Making ''Songs in the Key of X''

The new ''X-Files'' album combines everything from Rob Zombie to Sheryl Crowe

Even for an unprincipled rake like myself, the idea of producing a television soundtrack album always seemed, oh, you know, beneath one’s station. Just what the world needs: another cynical, demographics-driven spin-off item, music as aural product placement. But let’s face it, cross-breeding your media is, as my grandfather never said, heap good husbandry.

And so the compilations and soundtracks just keep flooding forth, each chockful of this week’s wonder groups and pinup sociopaths. Woefully, this blood lust for music that might spawn a hit for some dodgy film leaves those in search of great songs at a decided loss. Bands are hip to the movie game. Cut three extra tracks for your album and hustle the rejects to those Hollywood stooges. They’ll buy anything!

But then there was The X-Files. Contrary to custom and logic, nearly everybody remotely cool or consequential in the rock world actually vied to be on this soundtrack. So when I took the job of executive producer, I immediately called my masseuse and my golf instructor and figured on settling in for a leisurely autumn.

It was, alas, not to be…

The next six months would turn into one endless phone call. Alternately cajoling and wheedling and generally carrying on like a trader hawking urns at a bazaar, I and a staunch team of Fox and Warner Bros. Records execs cobbled together an ever-shifting wish list of the industry’s mightiest and weirdest figures. Of course, everybody and their cousin sent a song that ”was perfect for the X-Files” — and that inevitably featured equal doses of aliens and government conspiracies: you know, like ”Martians Killed the Kennedys,” that sort of thing.
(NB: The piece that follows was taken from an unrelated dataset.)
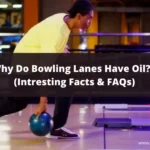 Why Do Bowling Lanes Have Oil? - (Intresting Facts & FAQs)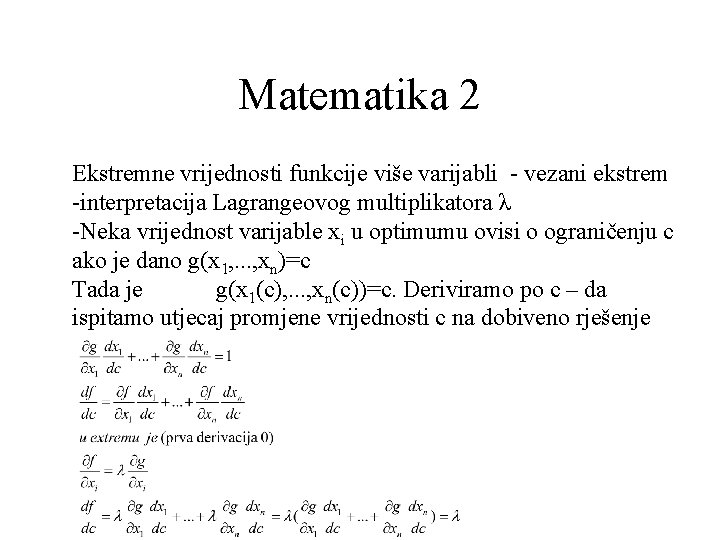 Matematika 2 Ekstremne vrijednosti funkcije više varijabli - vezani ekstrem -interpretacija Lagrangeovog multiplikatora λ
Then there was the litany of sure things that turned into near misses. Tom Petty’s on tour and has a record coming out but remains a Major Fan; the Boss loves the show but is too tied to Sony to be loaned out like a library book. And Seal is snowboarding in South America or somewhere.

Little by little, though, things started falling into place. The Foo Fighters committed, as did Rob Zombie with Alice Cooper. Sheryl Crow checked in with a moody ballad that made believers out of those who didn’t appreciate her first incarnation. And Glenn Danzig wrote an industrial ode to the Dark Forces that has the surface allure of an Andy Williams record but the heart of Edgar Allan Poe.

Elvis Costello confessed to being a devotee of the show, and I wondered aloud if he could do something ambientlike. ”You know,” I said, ”as if you went into the studio with Brian Eno or something.”

”That’s funny,” Elvis said. ”I just ran into Brian at McCartney’s. We were invited there for a screening.” (Oh, yes, Elvis, weren’t we all?)

”Really,” I chirped. ”Could you call him up, do you think?”

A week later, E&E emerged from the studio after a 14-hour stretch with a record called ”My Dark Life,” which their friend Bono dubbed ”lounge music from Venus.” That might have served as an album title, except that I once joked at a meeting that we should call the offering Songs in the Key of X, and it somehow stuck.

Somehow, did I say? The album title and every other detail had to pass muster with the show’s already put-upon creator, Chris Carter, he of the shadowy, cavernous soul. Carter started this whole rigmarole by using pop-music cues as diverse as Nick Cave and Screamin’ Jay Hawkins in the series.

The rest is up to that great judge without a gavel — music fans everywhere — to determine whether this is yet another gratuitous collection of disparate songs or the perfect companion to a stormy night. Warning: Some frequencies embedded in the CD have been known to attract, shall we say, entities. So if you’re not up for a midnight visitation, might I respectfully suggest wearing headphones? Just a thought.